SiCの競争が激化、ウエハー供給不足は解消に向かう?:堅調な成長が予測される(2/2 ページ)
SiCパワー半導体には、引き続き高い関心が寄せられている。SiCウエハーの供給不足を懸念する声がある一方で、解消に向かっているとの見方もある。
電気自動車で高い注目度
初期のSiCの用途は、主に太陽光発電の貯蔵用インバーター、データセンターサーバ向けUPS(無停電電源装置)への電力供給、スマートグリッドの充電ステーションといった、高い変換効率が求められる領域に集中していた。5kWのDC-DCコンバーターを例に取ると、その電力制御ボードは、Si-IGBTを用いた場合、重量は7kg、容積は8755ccになる。一方で、SiC-MOSFETを用いた場合、重量は0.9kg、容積は1350ccにまで削減できる。これは、SiC-MOSFETのチップ実装領域が、Si-IGBTのわずか4分の1であり、その高周波特性によってSi-IGBTに比べて損失を63%低減できるという特長によるものだ。

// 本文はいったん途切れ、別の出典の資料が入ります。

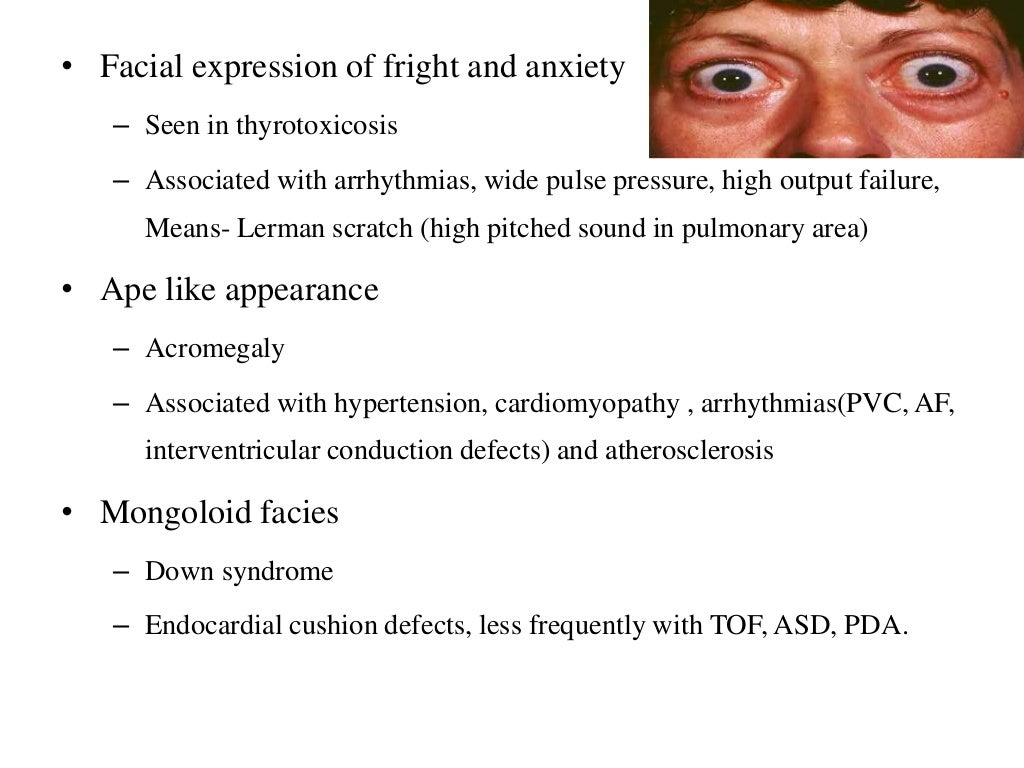 General physical examination of CVS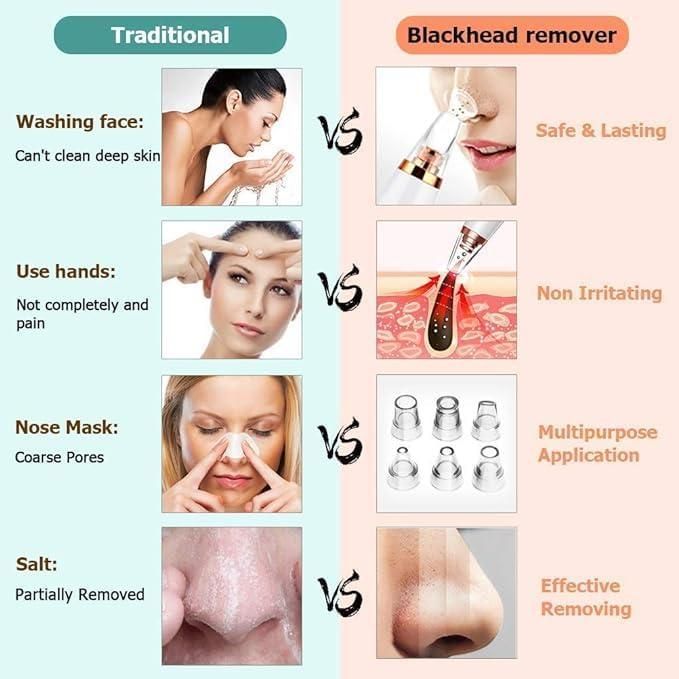 6 in 1 Blackhead Remover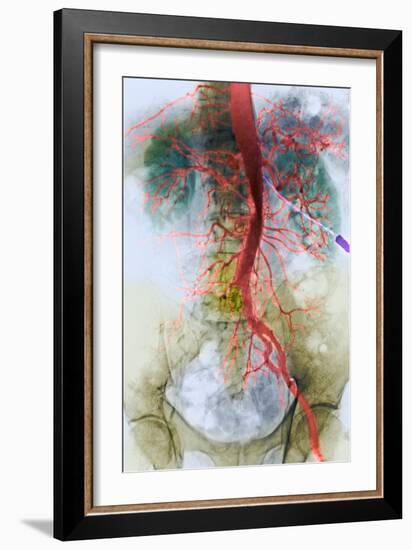 Blocked Artery, X-ray-null-Framed Photographic Print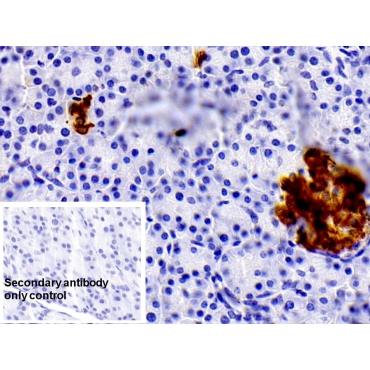Insulin (INS) Human Monoclonal Antibody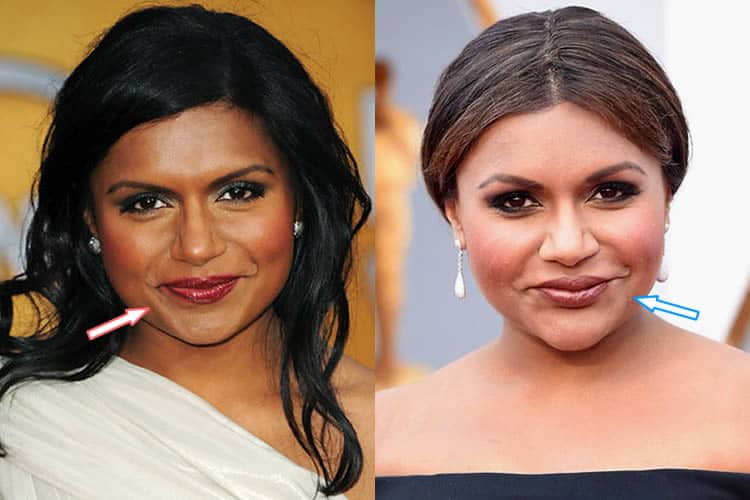 Did Mindy Kaling Have Lip Injections?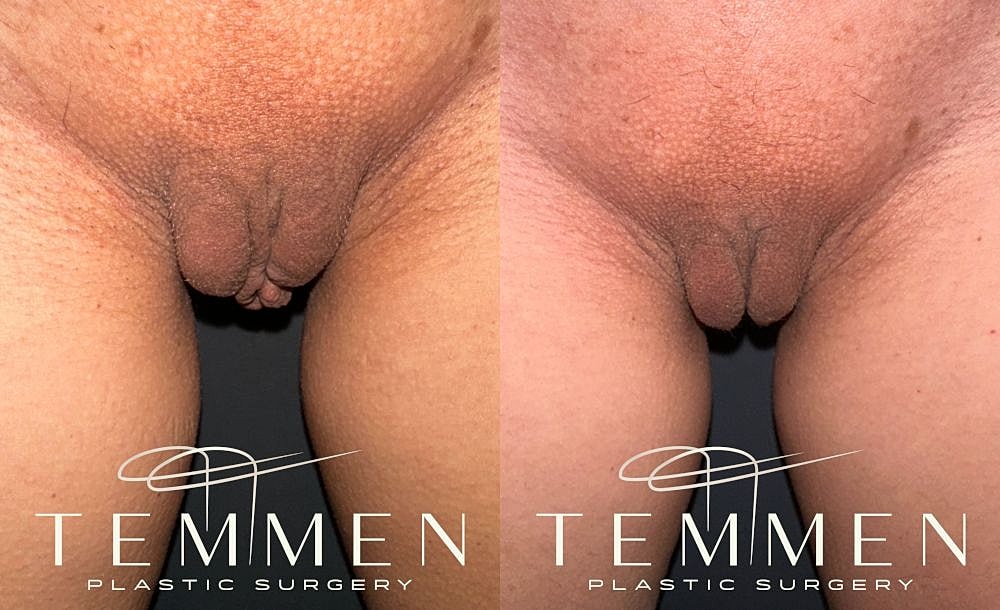 Before and after plastic surgery results.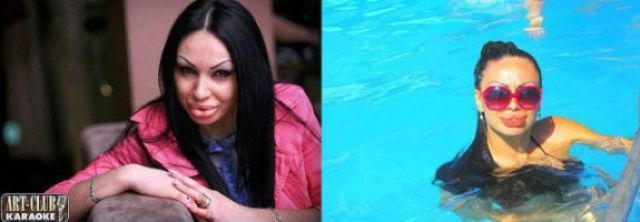 Жертвы пластической хирургии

“電気自動車のF1”である「Formula-E」でも、SiC技術への注目度は高い。2016年の第3シーズン以降、ロームはVenturiのスポンサーとなり、200kWのインバーターに搭載されていたSi-IGBT+Si-FRD(Fast Recovery Diode)のモジュールを、Si-IGBT+SiC-SBDに置き換えた。この結果、インバーターの重量を2kg削減し、サイズを19%低減することに成功した。さらに、2017年のシーズンではSiC-MOSFET+SiC-SBDというフルSiCモジュールに置き換えることで、重量を6kg削減し、サイズを43%低減した。加えて、インバーターの出力は200kWから220kWに高まった。
現在、電気自動車(xEV)のメインドライブインバーターでは、Si-IGBT+Si-FRDが主流だが、将来の電気自動車に、より長い走行可能距離が求められていることに加え、充電時間の短縮やバッテリー容量の増加に対するニーズを踏まえて、SiC-MOSFETが用いられるケースもある。
Rohm SemiconductorのSuwon氏は「電気自動車にSiCインバーターを用いることにより、経済的な利益を得られるのは明らかだ」と述べた。さらに同氏は、SiCはインバーターの効率を3〜5%高めることができる上に、バッテリーのコストと容量を減らすことができることにも言及した。バッテリー容量が増加することから、ハイエンドの自動車にとって大きなチャンスになるとSuwon氏は強く主張している。
ON SemiconductorのZahn氏は、SiCを開発する際は、ウエハー製造、パッケージング、テスト、アプリケーションテスト、最終的な認定テストなど、開発チェーンのあらゆる工程を再考しなければならないと強調した。